One thing is for certain though-their flavor is powerful. Even peeling or chopping a single mushroom can perfume a room. Even so, just like other potent fungus (truffles), they can be easily overwhelmed by too many other ingredients.
With their hefty price tag, you don’t want to waste any of these guys. This simple soup is a great example of how to stretch those matsutake as far as possible, it’s easy-I’ll tell you how.
When I receive matsutake in a restaurant, they’ve usually been out of the ground for a few days, at least. Unless you have a matsutake patch of your own, this will probably be the case for you too.
What happens is that the mushrooms dry out a little. Sand and grit stick to them in the worst way. Washing, brushing, or scrubbing I’ve found can be pointless sometimes. To really get the most out of purchased matsutake, you’re probably going to need to peel them.
As I was peeling a big batch one day, I kept putting my nose into the bowl of trim that I was going to throw. The smell of the scrap alone was so intense that I decided to infuse some stock with it. It turned out so good, that now I never even think about tossing the peels. The stock has to be strained carefully to remove the grit, but it’s a small price to pay for the outcome.
I can’t explain it, but matsutake just beg to be cooked in Asian style dishes. I don’t work a lot with that sort of genre, but I do know that I love a good bowl of noodles, so, what could be better than some ramen in matsutake broth?
You could switch up the garnishes any way you want. The only keys to this are a great homemade broth, the peel from the matsutake stems, and using plenty of the mushrooms themselves, the rest is up to you.
Here are the garnishes I used:
- Sliced, cooked pork belly
- A poached egg
- Thinly sliced green onions
- Fresh bean Sprouts
- Pea shoots
Serves 4 as a light entree
- About 10 cups matsutake mushroom broth (recipe follows)
- 1/2 lb fresh matsutake mushrooms, peeled and sliced 1/4 in
- 2 tbsp mild flavored cooking oil, for cooking the matsutake
- Kosher salt
- Garnishes: use combination of fresh and prepared ingredients- sprouts, green onions, chili oil, poached eggs, fish dumplings, cooked pork belly, etc, be creative.
- 4 oz ramen noodles
- Cook the ramen noodles in lightly salted water until al dente.

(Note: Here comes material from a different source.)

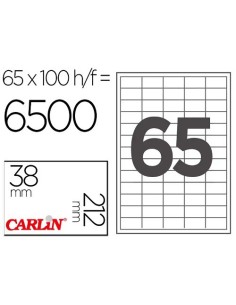 ETIQUETAS AUTOADHESIVAS CARLIN A4 DE 38X21.2 C/100 REF.15292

Drain the noodles and rinse to halt the cooking, then reserve until needed. (this can be done ahead of time.)
- Heat the matsutake broth in a small sauce pot, then season the broth lightly to taste with salt. Meanwhile, heat the oil in a wide saute pan. saute the sliced matsutake for a few moments, until they start to smell amazing and aromatic. Season the mushrooms lightly with salt and pepper to taste and reserve.
- In the bottom of four preheated soup bowls, place any cooked garnishes, like the noodles, pork belly or poached eggs. Ladle very hot broth over the cooked ingredients, then serve immediately with the fresh garnishes on the side.
Matsutake Mushroom Broth
This is a restaurant batch, scale as needed
Yield: 1 gallon
- 1 gallon meat or vegetable stock, preferably homemade
- 1/4 cup mild flavored cooking oil
- 1 qt, packed trim and peel from matsutake mushrooms
- In a deep stock pot, heat the oil until warm, but not smoking. Add the matsutake trim to the oil cook for a few minutes, until wilted. Add the stock, bring the mixture to a boil, then turn off the heat and allow the stock to cool.
- When the stock is cool, skim off any oil, then strain it through a fine sieve or cheesecloth to remove any grit.
- Label, date, and refrigerate or freeze the stock until needed.